How do you actually strike that balance between being iconoclastic but not doing it too deliberately?

That’s the rub. It’s definitely the goal to be able to do that: to be iconoclastic in a pure way without it being a pose. Being aware of the obvious connection between iconoclasm and music has made it more complicated for me; it took something I was comfortable doing in an unconscious way and made it conscious. The solution is not thinking about it anymore. But trying not to think about something is the least constructive way to stop thinking about something. I don’t know, I guess we’ll see how the next record goes. The intrusion has definitely been made while we were making this record. Not in a bad way, but it was a disruptive element. We had to deal with it daily in the studio.

You said the ideal would be not to think about it, which is an impossibility. Do you think the best artistic practice is to turn off the analytical part of your brain and act on impulse?

For me, it definitely is. I don’t think analytical thought prevents good art from happening. And I don’t think impulsive thought makes good art happen. But I know when I’m doing something and working in an impulsive way, I’m much happier with the results in retrospect. But Ellsworth Kelly’s one of my favourite artists, and he’s one of the most pointed, staid artists there is! There’s no way he’s doing any of that work on impulse.

One last unrelated question: is the Masahiro Shinoda film the namesake for ‘Pale Flower’?

Damn girl, you know your movies! [laughs] Yes it is! The song and movie have nothing to do with each other. I watched it, and when you open Pro Tools you have to call a song something. A lot of times it’ll be whatever’s on mind. Sometimes we’ll keep those titles. Sometimes we’ll come up with a real title. This is really nerdy but I love how they edited all the parts with the cards [in Pale Flower]. It’s so energetic. The cards appeal to my collector’s impulse also; they’re small, they all look like something particular, you can stack them up, arrange them in interesting ways. It’s both a fortunate and unfortunate part of human art history that there are periods where things are magical. And that period of Japanese filmmaking is absolutely magical. I’ve probably seen the movie five times, and I never get tired of it.

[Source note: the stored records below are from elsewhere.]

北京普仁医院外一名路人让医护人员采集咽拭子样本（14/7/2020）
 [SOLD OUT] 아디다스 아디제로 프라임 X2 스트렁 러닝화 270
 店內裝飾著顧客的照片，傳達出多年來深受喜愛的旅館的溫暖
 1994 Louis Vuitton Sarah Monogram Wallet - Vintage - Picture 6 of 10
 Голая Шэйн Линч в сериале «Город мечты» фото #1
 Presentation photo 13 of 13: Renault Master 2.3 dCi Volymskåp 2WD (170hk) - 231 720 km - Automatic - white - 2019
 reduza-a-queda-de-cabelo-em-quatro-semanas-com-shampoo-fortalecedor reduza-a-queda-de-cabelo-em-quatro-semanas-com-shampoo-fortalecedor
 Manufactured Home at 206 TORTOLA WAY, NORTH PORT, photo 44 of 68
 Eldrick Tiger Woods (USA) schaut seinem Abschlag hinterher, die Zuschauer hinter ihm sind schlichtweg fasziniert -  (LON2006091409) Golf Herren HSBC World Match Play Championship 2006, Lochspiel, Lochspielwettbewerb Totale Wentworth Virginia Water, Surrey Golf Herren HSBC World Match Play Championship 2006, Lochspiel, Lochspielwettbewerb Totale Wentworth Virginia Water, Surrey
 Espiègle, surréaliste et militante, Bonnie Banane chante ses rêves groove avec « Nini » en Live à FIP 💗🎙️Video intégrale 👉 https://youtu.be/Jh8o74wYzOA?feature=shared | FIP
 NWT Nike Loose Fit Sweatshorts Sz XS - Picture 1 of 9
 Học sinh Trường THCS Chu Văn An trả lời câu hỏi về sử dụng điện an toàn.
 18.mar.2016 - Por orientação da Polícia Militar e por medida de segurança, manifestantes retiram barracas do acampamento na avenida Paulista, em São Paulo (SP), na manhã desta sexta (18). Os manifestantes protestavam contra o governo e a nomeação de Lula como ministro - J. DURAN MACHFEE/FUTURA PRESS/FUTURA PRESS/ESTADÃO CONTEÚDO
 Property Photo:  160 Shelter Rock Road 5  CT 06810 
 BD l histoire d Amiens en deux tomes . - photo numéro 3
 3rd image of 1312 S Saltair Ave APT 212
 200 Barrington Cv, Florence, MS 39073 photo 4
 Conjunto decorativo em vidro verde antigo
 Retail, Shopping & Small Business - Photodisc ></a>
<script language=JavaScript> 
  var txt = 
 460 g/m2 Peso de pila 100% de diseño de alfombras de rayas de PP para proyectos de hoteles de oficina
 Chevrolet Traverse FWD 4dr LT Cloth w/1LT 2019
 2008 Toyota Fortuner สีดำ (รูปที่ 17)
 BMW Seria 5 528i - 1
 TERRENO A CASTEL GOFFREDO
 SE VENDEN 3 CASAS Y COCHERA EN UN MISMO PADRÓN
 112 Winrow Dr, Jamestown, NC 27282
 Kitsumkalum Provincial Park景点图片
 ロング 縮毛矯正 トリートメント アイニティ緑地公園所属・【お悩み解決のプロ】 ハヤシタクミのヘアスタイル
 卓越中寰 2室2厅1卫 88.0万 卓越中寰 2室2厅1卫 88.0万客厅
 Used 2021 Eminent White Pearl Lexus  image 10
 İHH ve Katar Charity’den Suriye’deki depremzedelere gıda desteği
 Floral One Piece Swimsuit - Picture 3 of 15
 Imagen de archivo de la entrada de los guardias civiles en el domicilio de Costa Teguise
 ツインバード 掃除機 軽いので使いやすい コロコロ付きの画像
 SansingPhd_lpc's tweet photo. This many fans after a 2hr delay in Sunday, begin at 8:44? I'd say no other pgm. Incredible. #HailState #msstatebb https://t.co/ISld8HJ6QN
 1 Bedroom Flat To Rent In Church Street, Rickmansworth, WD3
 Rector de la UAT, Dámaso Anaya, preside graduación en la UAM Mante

It’s a very Xiu Xiu-y movie. It’s all about death-drives and self-destructive lusts. But there’s also a lot of extreme-close-ups of knives…

That’s true! You have a good eye, I didn’t think about that.

Maybe it leaked into your subconscious!

Ha ha ha, clearly!


This interview has been edited and condensed for clarity and length. 

Xiu Xiu’s 13″ Frank Beltrame Italian Stiletto with Bison Horn Grips is out September 27 via Polyvinyl.